I have seen people looking all around themselves for a long time and then say with a puzzled expression: "Are you people all stupid? What is everybody laughing about". After a while the truth would suddenly dawn, they would reach for their helmet with a curse and remove the offending article.
The shy or sly ones would suddenly realise what was happening, but stroll on as if nothing had. They would wander about for a while and then accidentally knock the plastic cup off, but never letting on that they had even noticed it. They of course became the most frequent victims of the prank.
The joke even worked with no white beaker at all. All you had to do was look at your victim, produce a secret smirk and pretend that you saw the famous decoration. If the other lifted the helmet to remove the non-existent article you had won.
There are few things more delightful than
observing a man with a beaker stuck to his helmet, sneaking up behind
another man to plant a beaker on his helmet.
But why stop at only one plastic container? With great
considerable perseverance elaborate ploys were devised to distract the
victim and plant additional decorations on his head-gear - some of them
arranged in sophisticated geometric patterns - placed there by highly organised 'beaker planting gangs'.

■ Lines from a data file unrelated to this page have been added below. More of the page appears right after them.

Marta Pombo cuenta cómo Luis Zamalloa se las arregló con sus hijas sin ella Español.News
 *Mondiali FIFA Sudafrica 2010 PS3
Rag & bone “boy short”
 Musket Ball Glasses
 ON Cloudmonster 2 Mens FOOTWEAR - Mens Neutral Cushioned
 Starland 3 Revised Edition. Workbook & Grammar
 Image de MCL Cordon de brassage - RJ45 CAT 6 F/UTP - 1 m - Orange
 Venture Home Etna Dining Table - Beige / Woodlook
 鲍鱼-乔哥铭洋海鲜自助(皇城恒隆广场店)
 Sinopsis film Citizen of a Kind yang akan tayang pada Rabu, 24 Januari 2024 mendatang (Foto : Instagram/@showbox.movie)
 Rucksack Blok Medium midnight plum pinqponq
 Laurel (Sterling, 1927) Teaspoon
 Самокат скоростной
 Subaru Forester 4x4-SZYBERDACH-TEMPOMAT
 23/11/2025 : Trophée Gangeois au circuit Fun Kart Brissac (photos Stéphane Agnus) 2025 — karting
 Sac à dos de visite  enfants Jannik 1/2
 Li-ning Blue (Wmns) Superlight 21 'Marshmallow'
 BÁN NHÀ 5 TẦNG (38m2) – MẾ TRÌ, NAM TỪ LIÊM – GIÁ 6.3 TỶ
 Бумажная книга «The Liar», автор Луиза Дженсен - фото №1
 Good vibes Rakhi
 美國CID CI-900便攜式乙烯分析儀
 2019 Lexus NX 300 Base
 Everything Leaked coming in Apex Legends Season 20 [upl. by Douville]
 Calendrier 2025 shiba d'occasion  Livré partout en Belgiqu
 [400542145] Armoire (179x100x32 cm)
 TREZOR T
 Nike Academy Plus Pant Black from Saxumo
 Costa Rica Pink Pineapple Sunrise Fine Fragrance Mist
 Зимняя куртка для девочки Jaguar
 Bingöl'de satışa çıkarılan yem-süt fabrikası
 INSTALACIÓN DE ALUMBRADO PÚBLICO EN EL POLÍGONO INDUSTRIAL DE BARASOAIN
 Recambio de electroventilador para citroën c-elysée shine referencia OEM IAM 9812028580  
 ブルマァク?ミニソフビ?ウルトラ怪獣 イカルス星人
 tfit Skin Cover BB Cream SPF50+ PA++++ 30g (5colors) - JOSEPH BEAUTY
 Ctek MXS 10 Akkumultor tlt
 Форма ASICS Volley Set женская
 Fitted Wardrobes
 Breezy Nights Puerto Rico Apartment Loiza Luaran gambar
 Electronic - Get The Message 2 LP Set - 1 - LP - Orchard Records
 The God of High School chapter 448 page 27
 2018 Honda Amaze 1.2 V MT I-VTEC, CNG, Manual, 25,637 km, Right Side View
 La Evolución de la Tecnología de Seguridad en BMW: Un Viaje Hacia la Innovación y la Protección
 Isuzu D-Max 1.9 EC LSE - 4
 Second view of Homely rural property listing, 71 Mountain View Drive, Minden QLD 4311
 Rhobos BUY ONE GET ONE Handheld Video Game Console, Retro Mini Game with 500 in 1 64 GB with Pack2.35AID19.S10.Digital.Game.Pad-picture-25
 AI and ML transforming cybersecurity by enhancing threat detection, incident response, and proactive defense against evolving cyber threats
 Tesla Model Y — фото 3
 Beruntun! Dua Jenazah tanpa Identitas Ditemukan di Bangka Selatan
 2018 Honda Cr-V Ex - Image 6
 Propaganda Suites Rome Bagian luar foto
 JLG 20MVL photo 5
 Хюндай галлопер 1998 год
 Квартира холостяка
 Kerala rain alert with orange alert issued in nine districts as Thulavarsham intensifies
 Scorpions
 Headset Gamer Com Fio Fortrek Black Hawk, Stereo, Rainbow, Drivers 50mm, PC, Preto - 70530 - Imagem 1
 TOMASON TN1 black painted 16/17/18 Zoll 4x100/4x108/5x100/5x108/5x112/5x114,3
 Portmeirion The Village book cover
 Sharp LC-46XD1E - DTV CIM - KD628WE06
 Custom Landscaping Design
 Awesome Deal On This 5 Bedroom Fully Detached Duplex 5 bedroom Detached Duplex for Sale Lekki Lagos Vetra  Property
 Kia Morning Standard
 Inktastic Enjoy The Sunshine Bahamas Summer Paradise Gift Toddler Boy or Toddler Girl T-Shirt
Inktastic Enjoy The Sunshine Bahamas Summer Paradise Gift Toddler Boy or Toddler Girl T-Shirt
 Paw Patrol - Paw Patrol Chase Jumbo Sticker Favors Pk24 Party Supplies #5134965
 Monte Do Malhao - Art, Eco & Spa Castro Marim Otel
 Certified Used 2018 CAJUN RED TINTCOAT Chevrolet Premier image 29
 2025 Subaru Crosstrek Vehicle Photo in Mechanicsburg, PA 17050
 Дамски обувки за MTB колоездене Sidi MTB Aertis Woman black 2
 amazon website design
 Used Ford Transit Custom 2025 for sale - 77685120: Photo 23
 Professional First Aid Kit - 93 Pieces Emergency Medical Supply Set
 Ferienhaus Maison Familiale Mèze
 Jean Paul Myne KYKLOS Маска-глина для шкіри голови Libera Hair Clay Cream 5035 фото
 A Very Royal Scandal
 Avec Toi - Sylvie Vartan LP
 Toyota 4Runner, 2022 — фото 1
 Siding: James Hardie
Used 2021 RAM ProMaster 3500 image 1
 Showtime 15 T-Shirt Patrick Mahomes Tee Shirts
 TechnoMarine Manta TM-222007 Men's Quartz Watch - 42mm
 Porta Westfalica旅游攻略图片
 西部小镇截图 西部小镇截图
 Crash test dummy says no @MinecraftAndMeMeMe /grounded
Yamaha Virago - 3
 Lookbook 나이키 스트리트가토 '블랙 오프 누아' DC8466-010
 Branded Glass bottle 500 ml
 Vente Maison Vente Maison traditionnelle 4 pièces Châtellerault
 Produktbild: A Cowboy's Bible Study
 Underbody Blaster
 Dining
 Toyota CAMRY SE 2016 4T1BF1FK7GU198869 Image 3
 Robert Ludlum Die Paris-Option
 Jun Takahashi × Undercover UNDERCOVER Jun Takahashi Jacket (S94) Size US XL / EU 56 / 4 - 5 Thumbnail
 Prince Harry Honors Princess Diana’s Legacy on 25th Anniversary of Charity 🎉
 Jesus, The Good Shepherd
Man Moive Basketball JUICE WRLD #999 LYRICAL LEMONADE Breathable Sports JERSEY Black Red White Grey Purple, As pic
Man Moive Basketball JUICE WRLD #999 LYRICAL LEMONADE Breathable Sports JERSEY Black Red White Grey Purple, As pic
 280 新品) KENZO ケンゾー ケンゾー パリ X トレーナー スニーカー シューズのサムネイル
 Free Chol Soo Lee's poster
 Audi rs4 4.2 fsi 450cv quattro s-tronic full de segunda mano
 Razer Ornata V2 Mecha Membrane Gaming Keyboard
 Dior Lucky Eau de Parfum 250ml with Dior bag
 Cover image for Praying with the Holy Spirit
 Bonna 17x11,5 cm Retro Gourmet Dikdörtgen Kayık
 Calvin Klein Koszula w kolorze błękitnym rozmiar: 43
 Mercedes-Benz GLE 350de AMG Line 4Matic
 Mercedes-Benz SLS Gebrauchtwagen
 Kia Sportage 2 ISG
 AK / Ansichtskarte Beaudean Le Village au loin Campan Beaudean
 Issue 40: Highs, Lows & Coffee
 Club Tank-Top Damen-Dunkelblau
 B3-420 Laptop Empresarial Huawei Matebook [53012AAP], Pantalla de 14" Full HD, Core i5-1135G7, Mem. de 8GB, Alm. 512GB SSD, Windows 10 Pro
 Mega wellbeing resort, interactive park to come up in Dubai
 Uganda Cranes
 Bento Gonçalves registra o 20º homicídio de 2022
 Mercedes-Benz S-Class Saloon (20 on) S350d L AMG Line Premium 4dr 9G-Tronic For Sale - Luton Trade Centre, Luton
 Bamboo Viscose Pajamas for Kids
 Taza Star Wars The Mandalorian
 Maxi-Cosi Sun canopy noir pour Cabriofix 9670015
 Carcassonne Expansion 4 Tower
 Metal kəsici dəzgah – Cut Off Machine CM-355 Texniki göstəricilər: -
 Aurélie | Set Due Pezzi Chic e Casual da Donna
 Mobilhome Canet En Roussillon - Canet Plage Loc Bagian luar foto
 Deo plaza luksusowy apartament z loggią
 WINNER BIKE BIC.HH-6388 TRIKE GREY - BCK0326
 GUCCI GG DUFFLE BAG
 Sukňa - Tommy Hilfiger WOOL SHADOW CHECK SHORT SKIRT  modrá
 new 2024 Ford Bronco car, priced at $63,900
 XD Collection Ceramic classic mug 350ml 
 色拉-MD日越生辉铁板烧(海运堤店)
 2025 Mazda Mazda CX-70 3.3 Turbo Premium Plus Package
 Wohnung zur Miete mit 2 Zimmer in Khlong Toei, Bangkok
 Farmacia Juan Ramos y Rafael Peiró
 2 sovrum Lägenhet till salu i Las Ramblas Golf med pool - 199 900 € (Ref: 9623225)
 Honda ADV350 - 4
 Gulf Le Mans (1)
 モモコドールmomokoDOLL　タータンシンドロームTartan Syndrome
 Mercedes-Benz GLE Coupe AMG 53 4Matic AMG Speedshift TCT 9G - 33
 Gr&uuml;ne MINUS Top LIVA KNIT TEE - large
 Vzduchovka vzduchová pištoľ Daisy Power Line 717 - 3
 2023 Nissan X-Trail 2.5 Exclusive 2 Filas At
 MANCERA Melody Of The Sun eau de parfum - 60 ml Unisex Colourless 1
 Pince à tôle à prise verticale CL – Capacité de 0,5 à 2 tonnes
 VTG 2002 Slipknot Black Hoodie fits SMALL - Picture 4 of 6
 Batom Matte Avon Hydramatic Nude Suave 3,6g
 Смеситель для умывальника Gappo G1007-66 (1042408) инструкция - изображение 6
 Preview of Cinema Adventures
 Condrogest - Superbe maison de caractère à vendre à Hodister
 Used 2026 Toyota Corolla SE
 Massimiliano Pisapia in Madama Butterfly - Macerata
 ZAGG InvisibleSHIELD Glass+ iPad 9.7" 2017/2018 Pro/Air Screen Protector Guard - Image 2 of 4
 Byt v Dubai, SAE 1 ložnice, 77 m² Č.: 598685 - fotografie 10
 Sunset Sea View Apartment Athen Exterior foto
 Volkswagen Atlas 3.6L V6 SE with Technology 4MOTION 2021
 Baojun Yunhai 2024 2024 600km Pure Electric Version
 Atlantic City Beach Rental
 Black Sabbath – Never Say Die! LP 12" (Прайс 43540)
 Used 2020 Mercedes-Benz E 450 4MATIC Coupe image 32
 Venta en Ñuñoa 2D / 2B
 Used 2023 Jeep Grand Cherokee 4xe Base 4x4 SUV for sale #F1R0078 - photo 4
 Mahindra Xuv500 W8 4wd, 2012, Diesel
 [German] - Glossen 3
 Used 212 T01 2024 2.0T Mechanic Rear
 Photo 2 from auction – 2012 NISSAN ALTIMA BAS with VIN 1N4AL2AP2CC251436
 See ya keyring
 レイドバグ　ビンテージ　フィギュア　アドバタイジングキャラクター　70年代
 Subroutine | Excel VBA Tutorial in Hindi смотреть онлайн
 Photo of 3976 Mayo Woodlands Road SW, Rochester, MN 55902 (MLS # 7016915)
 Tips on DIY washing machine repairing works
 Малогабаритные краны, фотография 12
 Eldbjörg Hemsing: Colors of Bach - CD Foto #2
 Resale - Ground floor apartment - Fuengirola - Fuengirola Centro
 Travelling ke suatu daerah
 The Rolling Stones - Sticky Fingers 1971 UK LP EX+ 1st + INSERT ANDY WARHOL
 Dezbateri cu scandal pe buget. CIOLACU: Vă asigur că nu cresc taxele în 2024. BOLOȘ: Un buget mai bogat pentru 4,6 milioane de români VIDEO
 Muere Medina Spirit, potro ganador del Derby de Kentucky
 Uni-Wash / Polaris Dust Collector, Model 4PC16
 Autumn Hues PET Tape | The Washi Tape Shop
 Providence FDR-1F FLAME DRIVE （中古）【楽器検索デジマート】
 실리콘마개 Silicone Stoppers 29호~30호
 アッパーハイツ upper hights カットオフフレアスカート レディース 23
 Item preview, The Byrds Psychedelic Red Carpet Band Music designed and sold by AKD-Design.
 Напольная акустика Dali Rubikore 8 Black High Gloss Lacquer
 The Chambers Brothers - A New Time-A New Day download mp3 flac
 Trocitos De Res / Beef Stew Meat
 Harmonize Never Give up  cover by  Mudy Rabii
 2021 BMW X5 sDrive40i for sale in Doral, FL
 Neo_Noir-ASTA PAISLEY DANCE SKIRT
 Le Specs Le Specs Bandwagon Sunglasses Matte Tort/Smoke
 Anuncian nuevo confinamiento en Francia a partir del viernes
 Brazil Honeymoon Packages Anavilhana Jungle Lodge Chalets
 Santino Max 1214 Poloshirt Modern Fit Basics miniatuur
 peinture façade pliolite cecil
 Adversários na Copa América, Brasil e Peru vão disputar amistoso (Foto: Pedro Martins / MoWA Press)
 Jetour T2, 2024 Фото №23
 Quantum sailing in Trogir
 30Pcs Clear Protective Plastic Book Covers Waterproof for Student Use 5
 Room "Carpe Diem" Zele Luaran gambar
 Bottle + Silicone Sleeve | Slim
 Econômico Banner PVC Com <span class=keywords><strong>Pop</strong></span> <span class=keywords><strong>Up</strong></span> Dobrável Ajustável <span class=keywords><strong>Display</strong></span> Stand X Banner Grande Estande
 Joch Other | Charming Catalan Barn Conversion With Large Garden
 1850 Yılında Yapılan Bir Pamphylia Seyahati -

I've seen self-important managers - leaders of men - confidently stride across the plant with a crop-circle of plastic stuck to their white helmets - totally oblivious of the fact that they had been endowed with a set of industrial antlers that made a total mockery of what little authority they had left. They would go about their duties - giving orders, assigning workers their job of the day and taking notes on little plastic memo boards - all the while the centre of a smirking conspiracy of silence. How some people kept their faces straight when they were being told off by an earnest looking man of importance, whose crown was decorated with a blob of grease topped by a white beverage container, I will never know.
Occasionally a lucky someone would score a brace. The sight of two people wandering side by side to the canteen, each with a white plastic cup stuck to his helmet visible to everyone but himself is something not easily forgotten.
Either of them could of course see the other's decoration, but each kept quiet about it so as not to spoil the joke. When they passed others, they would smirk knowingly and give secret winks looking in the direction of their be-beakered companion - totally unaware of how much they had in common with him. Both would subtly misunderstand the joyous reactions of their fellow workers and must have felt right old twits when they passed a truth-reflecting window.
This kind of joke was played on people for years and only stopped when the plant ground to a halt in 1980. They must have finally run out of lubricant!
If any surfing archaeologist looking for information about the beaker people - who lived in Northern Ireland many years ago - has read this far, you may like to know that you are the latest victim of this silly prank.